When you use an autoincrement, MSSQL will always go to the last page, and you end up with equally sized pages (in theory) so the performance to select those records is much better (also because the INSERTs will not block the table/page for so long).
However, the big advantage of using UUID as PKs is that if we have clusters of DBs, there will not be conflicts when merging.
I would recommend the following model:
PK INT Identity
Additional column automatically generated as UUID.
This way, the merge process is possible (UUID would be your REAL key, while the PK would just be something temporary that gives you good performance).
NOTE: That the best solution is to use NEWSEQUENTIALID (like I was saying in the comments), but for legacy app with not much time to refactor (and even worse, not controlling all inserts), it is not possible to do.
But indeed as of 2017, I'd say the best solution here is NEWSEQUENTIALID or doing Guid.Comb with NHibernate.
A UUID is a Universally Unique ID. It's the universally part that you should be considering here.
Do you really need the IDs to be universally unique? If so, then UUIDs may be your only choice.
I would strongly suggest that if you do use UUIDs, you store them as a number and not as a string. If you have 50M+ records, then the saving in storage space will improve your performance (although I couldn't say by how much).
If your IDs do not need to be universally unique, then I don't think that you can do much better then just using auto_increment, which guarantees that IDs will be unique within a table (since the value will increment each time)

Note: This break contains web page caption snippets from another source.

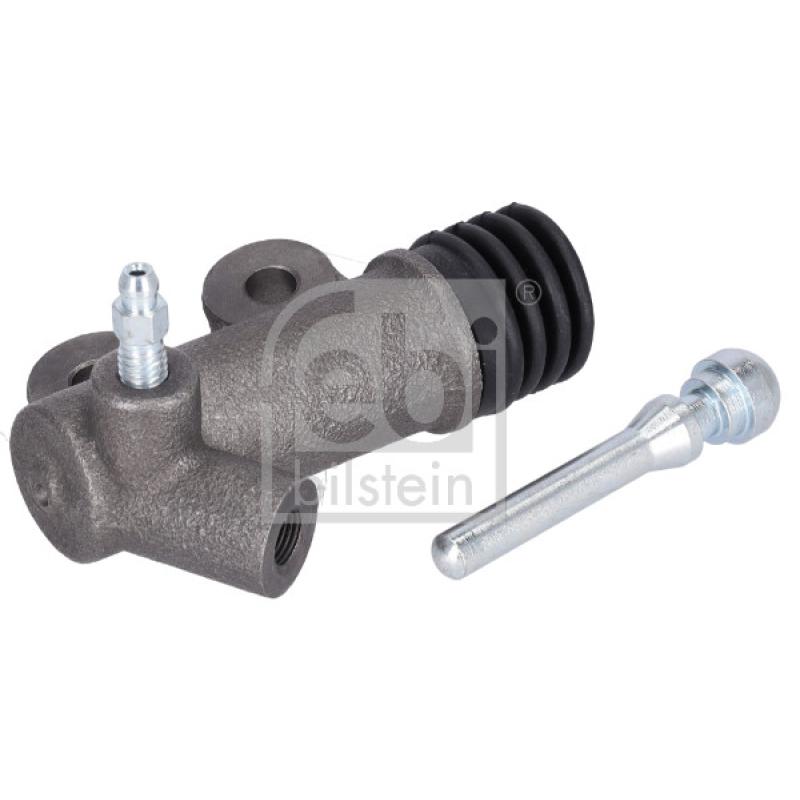 Cylindre récepteur, embrayage FEBI BILSTEIN 17403 - Visuel 1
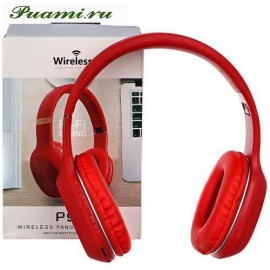 Наушники bluetooth P951 (SBH-7040)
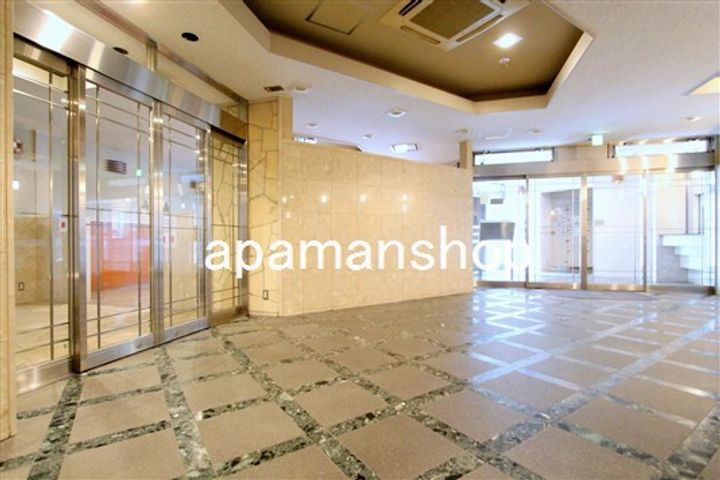 大阪府大阪市西区土佐堀1丁目の賃貸マンションのその他画像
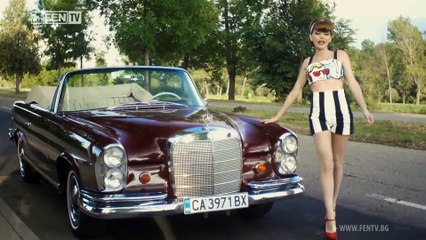 Teodora - GAz GAz HD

Something to take into consideration is that Autoincrements are generated one at a time and cannot be solved using a parallel solution. The fight for using UUIDs eventually comes down to what you want to achieve versus what you potentially sacrifice.
On performance, briefly:
A UUID like the one above is 36
characters long, including dashes. If
you store this VARCHAR(36), you're
going to decrease compare performance
dramatically. This is your primary
key, you don't want it to be slow.
At its bit level, a UUID is 128 bits,
which means it will fit into 16 bytes,
note this is not very human readable,
but it will keep storage low, and is
only 4 times larger than a 32-bit int,
or 2 times larger than a 64-bit int.
I will use a VARBINARY(16)
Theoretically, this can work without a
lot of overhead.
I recommend reading the following two posts:
Brian "Krow" Aker's Idle Thoughts - Myths, GUID vs Autoincrement
To UUID or not to UUID ?
I reckon between the two, they answer your question.
I tend to avoid UUID simply because it is a pain to store and a pain to use as a primary key but there are advantages. The main one is they are UNIQUE.
I usually solve the problem and avoid UUID by using dual key fields.
COLLECTOR = UNIQUE ASSIGNED TO A MACHINE
ID = RECORD COLLECTED BY THE COLLECTOR (auto_inc field)
This offers me two things. Speed of auto-inc fields and uniqueness of data being stored in a central location after it is collected and grouped together. I also know while browsing the data where it was collected which is often quite important for my needs.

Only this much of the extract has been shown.